> [What you will do] From the listing below, reproduce word for word the part that opens with the line containing "1pc New Camellia" and closes with the line containing "Длинногубцы MATRIX PROFESSIONAL"; reproduce nothing else.

> [Data provided]

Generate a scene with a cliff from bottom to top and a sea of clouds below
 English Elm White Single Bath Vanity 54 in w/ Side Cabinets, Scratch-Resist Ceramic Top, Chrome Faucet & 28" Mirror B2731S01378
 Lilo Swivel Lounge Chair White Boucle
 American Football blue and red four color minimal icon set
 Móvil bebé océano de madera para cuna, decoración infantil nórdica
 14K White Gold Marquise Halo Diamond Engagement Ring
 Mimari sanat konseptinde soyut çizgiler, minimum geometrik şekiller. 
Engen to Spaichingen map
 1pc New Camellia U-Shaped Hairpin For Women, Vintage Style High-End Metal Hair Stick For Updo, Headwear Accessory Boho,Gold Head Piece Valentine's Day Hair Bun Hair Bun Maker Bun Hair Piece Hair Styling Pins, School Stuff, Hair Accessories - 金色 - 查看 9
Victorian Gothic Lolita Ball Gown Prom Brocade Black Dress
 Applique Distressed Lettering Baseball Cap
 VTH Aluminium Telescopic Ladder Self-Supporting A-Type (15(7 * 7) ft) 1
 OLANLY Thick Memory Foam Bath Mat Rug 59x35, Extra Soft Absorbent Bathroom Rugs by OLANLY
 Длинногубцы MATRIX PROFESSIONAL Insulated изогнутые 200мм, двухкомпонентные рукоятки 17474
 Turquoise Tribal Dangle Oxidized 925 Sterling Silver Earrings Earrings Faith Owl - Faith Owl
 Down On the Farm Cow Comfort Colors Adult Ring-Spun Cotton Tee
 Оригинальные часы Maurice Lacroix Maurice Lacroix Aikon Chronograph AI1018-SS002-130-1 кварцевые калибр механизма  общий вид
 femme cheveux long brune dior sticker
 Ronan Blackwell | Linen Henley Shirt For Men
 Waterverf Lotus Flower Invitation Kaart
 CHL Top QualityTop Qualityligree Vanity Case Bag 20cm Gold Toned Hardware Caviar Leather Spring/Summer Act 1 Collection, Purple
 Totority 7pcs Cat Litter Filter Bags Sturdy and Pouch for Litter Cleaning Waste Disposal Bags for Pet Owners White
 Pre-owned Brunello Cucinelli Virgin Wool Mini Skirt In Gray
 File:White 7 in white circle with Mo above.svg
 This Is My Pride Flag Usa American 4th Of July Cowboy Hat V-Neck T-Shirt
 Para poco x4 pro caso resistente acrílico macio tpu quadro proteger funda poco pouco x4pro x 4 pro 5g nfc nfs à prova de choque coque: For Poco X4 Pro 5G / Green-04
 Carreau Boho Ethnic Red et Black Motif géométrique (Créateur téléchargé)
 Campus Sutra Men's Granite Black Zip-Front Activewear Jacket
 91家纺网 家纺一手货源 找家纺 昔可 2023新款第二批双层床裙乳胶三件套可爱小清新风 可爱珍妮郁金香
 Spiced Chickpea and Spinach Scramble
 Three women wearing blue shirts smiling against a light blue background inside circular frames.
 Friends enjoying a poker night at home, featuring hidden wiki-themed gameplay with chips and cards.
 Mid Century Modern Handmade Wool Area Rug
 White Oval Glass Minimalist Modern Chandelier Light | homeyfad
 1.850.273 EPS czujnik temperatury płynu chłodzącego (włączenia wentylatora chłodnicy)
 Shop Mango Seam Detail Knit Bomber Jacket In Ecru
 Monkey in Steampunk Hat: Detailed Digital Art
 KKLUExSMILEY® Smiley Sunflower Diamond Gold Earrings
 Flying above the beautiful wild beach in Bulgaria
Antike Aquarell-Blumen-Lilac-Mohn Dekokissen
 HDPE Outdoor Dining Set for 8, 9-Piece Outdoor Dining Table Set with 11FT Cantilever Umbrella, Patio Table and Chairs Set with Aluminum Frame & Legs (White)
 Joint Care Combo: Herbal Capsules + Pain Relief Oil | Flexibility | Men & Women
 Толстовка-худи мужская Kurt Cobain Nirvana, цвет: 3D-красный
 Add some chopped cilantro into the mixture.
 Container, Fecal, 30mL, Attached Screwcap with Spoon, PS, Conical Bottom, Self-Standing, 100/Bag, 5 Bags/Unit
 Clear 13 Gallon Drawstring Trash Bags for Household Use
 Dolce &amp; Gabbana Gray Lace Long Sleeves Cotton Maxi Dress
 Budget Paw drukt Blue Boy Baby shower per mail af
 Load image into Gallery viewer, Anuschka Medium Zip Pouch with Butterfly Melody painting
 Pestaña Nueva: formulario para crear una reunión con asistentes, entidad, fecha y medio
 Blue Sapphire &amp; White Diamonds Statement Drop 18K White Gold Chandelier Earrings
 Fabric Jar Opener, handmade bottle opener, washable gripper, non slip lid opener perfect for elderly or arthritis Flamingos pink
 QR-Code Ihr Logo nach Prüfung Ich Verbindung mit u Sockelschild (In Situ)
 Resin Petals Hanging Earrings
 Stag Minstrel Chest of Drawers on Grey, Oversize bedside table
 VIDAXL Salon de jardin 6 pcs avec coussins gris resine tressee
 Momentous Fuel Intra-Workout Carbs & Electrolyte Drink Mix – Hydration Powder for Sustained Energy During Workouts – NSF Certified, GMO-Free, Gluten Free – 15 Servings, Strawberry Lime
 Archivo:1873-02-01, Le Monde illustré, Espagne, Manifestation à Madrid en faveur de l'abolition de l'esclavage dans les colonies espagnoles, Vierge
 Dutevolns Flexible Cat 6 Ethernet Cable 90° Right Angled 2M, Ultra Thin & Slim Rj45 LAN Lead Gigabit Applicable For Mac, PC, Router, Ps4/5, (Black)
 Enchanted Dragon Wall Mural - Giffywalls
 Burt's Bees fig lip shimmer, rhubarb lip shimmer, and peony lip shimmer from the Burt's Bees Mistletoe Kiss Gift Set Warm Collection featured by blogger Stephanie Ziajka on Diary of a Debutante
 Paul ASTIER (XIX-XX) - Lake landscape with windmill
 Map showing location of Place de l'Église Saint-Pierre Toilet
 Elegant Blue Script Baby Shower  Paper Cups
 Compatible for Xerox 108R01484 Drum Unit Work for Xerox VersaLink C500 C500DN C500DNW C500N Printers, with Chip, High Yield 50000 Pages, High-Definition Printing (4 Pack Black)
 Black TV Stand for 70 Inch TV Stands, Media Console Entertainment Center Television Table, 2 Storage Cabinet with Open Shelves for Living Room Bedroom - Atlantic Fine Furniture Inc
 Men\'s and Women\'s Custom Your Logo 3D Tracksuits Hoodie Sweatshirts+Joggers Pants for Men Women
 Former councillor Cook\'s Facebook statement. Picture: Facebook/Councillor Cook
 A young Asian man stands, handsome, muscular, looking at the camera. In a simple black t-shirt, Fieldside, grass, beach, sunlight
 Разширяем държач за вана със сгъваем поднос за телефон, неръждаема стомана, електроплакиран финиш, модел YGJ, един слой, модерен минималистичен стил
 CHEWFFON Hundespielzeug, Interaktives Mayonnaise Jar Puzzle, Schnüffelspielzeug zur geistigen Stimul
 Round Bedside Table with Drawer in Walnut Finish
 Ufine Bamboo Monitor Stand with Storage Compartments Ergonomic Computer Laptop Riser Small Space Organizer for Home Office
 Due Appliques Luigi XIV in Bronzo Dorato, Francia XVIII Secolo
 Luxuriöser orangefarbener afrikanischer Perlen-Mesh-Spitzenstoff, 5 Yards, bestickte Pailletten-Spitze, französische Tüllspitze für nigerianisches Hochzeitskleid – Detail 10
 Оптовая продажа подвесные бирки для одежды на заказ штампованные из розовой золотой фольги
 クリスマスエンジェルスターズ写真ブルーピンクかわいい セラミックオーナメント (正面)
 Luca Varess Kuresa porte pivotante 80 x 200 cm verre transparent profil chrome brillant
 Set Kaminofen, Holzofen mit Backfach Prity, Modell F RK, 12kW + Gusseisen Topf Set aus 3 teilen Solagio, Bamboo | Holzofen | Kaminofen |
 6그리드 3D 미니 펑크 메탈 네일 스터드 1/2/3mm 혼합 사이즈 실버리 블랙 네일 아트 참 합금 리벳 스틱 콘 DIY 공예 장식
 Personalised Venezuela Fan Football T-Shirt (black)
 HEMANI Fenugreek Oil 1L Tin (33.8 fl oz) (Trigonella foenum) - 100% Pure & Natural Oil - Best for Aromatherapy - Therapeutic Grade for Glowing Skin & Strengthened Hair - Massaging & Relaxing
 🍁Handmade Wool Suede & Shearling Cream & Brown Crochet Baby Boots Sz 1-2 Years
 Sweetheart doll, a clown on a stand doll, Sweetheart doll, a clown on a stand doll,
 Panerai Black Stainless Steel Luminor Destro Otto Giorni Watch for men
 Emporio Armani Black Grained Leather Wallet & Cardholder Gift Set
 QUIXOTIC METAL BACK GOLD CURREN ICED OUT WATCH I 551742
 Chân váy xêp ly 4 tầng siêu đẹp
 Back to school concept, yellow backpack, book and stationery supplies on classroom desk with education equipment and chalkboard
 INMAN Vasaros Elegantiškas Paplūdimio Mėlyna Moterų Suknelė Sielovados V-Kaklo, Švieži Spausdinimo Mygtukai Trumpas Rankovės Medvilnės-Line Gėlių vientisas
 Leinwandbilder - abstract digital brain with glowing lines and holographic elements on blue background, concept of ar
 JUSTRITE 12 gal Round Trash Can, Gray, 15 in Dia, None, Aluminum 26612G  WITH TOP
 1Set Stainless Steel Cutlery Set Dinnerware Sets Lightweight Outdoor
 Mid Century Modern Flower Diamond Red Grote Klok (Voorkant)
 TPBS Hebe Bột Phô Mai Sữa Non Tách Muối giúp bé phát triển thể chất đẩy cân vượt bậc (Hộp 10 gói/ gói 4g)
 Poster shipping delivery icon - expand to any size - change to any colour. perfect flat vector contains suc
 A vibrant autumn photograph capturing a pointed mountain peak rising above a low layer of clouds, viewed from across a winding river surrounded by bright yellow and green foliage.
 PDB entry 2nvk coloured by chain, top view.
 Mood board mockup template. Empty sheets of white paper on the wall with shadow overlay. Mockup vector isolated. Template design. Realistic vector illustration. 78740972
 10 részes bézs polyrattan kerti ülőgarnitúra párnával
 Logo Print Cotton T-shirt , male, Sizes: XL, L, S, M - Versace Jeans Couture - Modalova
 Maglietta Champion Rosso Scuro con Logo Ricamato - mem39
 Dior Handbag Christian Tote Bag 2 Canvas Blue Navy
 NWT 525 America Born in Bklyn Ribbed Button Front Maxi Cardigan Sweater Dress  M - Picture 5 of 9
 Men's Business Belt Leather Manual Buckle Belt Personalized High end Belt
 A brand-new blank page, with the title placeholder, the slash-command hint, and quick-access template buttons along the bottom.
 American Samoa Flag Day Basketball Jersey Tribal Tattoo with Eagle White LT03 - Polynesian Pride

> [Answer to the exercise]
 1pc New Camellia U-Shaped Hairpin For Women, Vintage Style High-End Metal Hair Stick For Updo, Headwear Accessory Boho,Gold Head Piece Valentine's Day Hair Bun Hair Bun Maker Bun Hair Piece Hair Styling Pins, School Stuff, Hair Accessories - 金色 - 查看 9
Victorian Gothic Lolita Ball Gown Prom Brocade Black Dress
 Applique Distressed Lettering Baseball Cap
 VTH Aluminium Telescopic Ladder Self-Supporting A-Type (15(7 * 7) ft) 1
 OLANLY Thick Memory Foam Bath Mat Rug 59x35, Extra Soft Absorbent Bathroom Rugs by OLANLY
 Длинногубцы MATRIX PROFESSIONAL Insulated изогнутые 200мм, двухкомпонентные рукоятки 17474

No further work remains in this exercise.